I'm new to PowerBi, buy i've been a professional programmer for decades, and it boggles my mind that this unwritten behavior is acceptable. There is no telling how many incorrect dashboards have been built around the world based upon the misconception that AVERAGEX(DATESINPERIOD(Dates[Date],LASTDATE(Dates[Date]),-7,DAY),[Total Sales]) does NOT in fact return an average of total sales over the unbroken, uninterrupted date range that I pass into the function! It is exacly like Microsoft saying "4/2 = 2 but there are exceptions where sometimes it's 4 or 1, but those exceptions are not spelled out or detailed anywhere. Good luck in finding them."
For those searching why your time intelligence functions are not working properly, here is a working DAX implementation of a true 2 week moving average.
2 Week Moving Average = CALCULATE( [Total Sales], DATESINPERIOD(Dates[Date],LASTDATE(Dates[Date]),-14, DAY)) / CALCULATE( DISTINCTCOUNT(Dates[Date]), DATESINPERIOD(Dates[Date],LASTDATE(Dates[Date]),-14, DAY))
If you want to filter out working days from nonworking days, the proper procedure is to create a class label in your date table to which you can group, filter and calculate across. So for instance you can cateorgize your dates into "WorkDays" and "OffDays". In which case the above calculation becomes:
2 Week Moving Average = CALCULATE( [Total Sales], DATESINPERIOD(Dates[Date],LASTDATE(Dates[Date]),-14, DAY), FILTER(ALLSELECTED(Dates),Dates[Day Type] = "WorkDay")) / CALCULATE( DISTINCTCOUNT(Dates[Date]), DATESINPERIOD(Dates[Date],LASTDATE(Dates[Date]),-14, DAY), FILTER(ALLSELECTED(Dates),Dates[Day Type] = "WorkDay"))

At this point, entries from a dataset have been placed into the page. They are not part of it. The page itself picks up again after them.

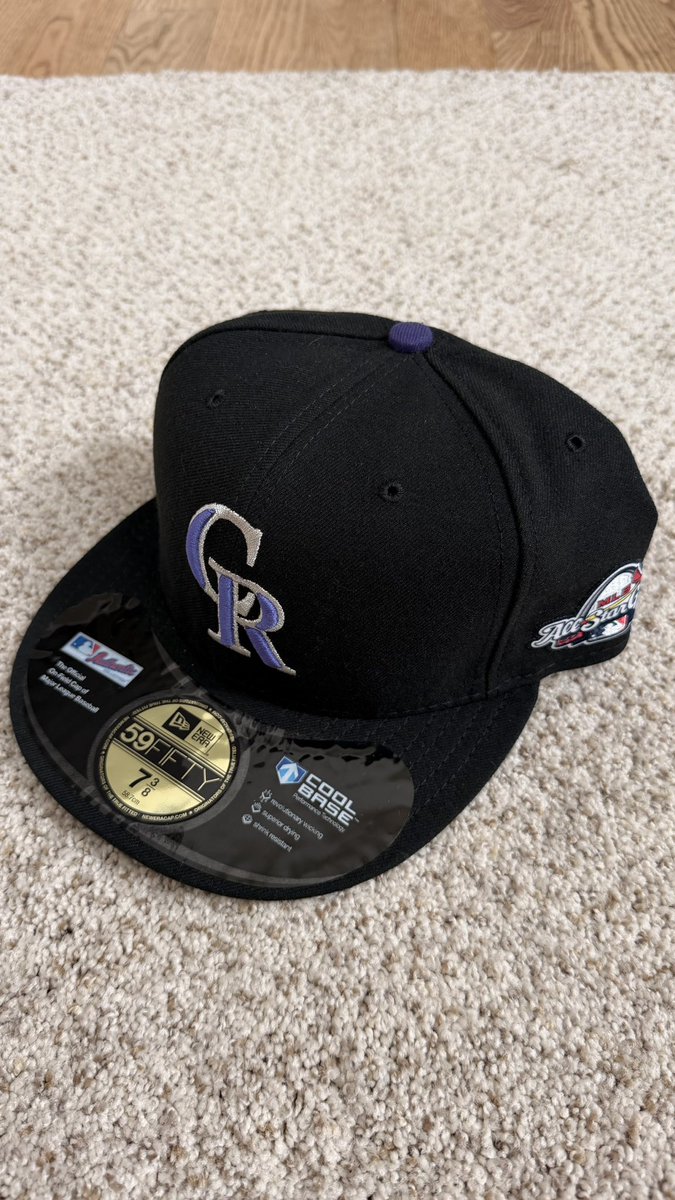 LoveTheRox's tweet photo. Giveaway time! For a chance to win a Germán Márquez bobblehead (cat not included!), Rockies Star Wars towel, ‘09 All-Star hat (7 3/8”) or baseball cards/pin/$ clip:

Like or RT &amp; reply: What’s been the biggest highlight of the season - &amp; which item do you want? Winners drawn 9/20 https://t.co/7zFF7S0jP7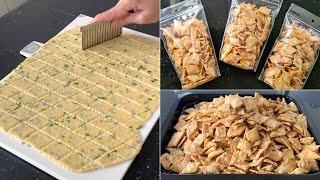 Download lagu Flour   garlic and celery turns out to be a crispy, savory, delicious and fragrant snack. Addicting! mp3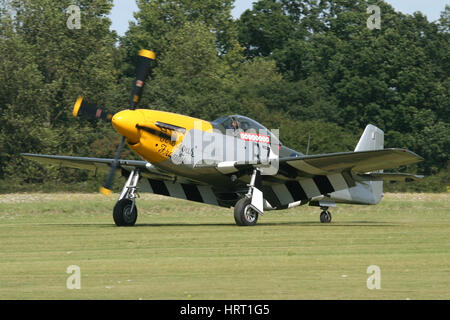 Wilder Frankie, die P - 51D Mustang von der alten Flugmaschine Firma landet auf einer Airshow in Rougham in Suffolk geflogen. Stockfoto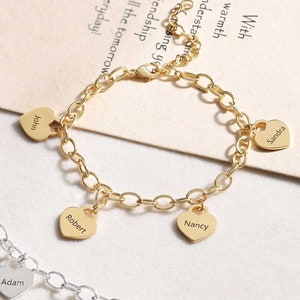 Pulsera para mamá - Pulsera para madre de oro y plata con dijes - Nombres de niños grabados - Regalo de joyería para mamá - Regalo personalizado para abuela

Averagex and the other time intelligence functions could be easily fixed to correctly accomodate nonworking days, by accepting an optional filter parameter. Until then however I'm afraid that recreating these base methods is the only alternative.
It's pointed out here.
In all other respects, AVERAGEX follows the same rules as AVERAGE. You cannot include non-numeric or null cells. Both the table and expression arguments are required.
From AVERAGE function:
Nonnumeric values in the column are handled as follows:
If the column contains text, no aggregation can be performed, and the functions returns blanks.
If the column contains logical values or empty cells, those values are ignored.

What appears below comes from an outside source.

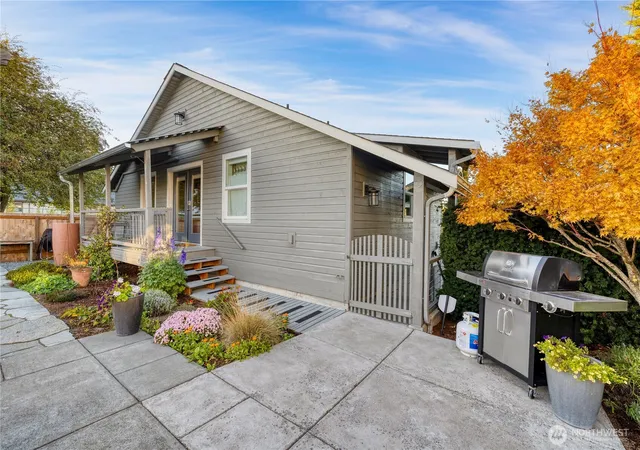 Photo 4 of Single family home for sale at 806 NW Alexander St, Coupeville, WA 98239 | MLS# NWM2514942 | Listing updated on 2026-09-21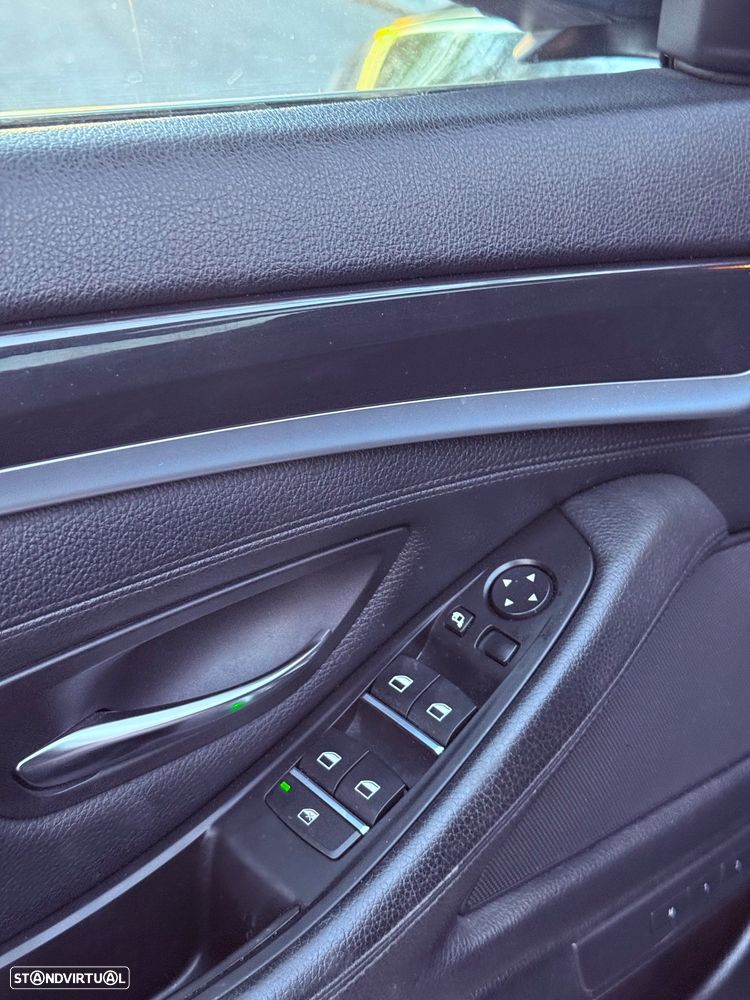 BMW 520 d Pack M Auto - 25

Cells with the value zero are included.
When you average cells, you must keep in mind the difference between an empty cell and a cell that contains the value 0 (zero). When a cell contains 0, it is added to the sum of numbers and the row is counted among the number of rows used as the divisor. However, when a cell contains a blank, the row is not counted.
Basically difference between "Zero" value in a field versus empty/null value in a field.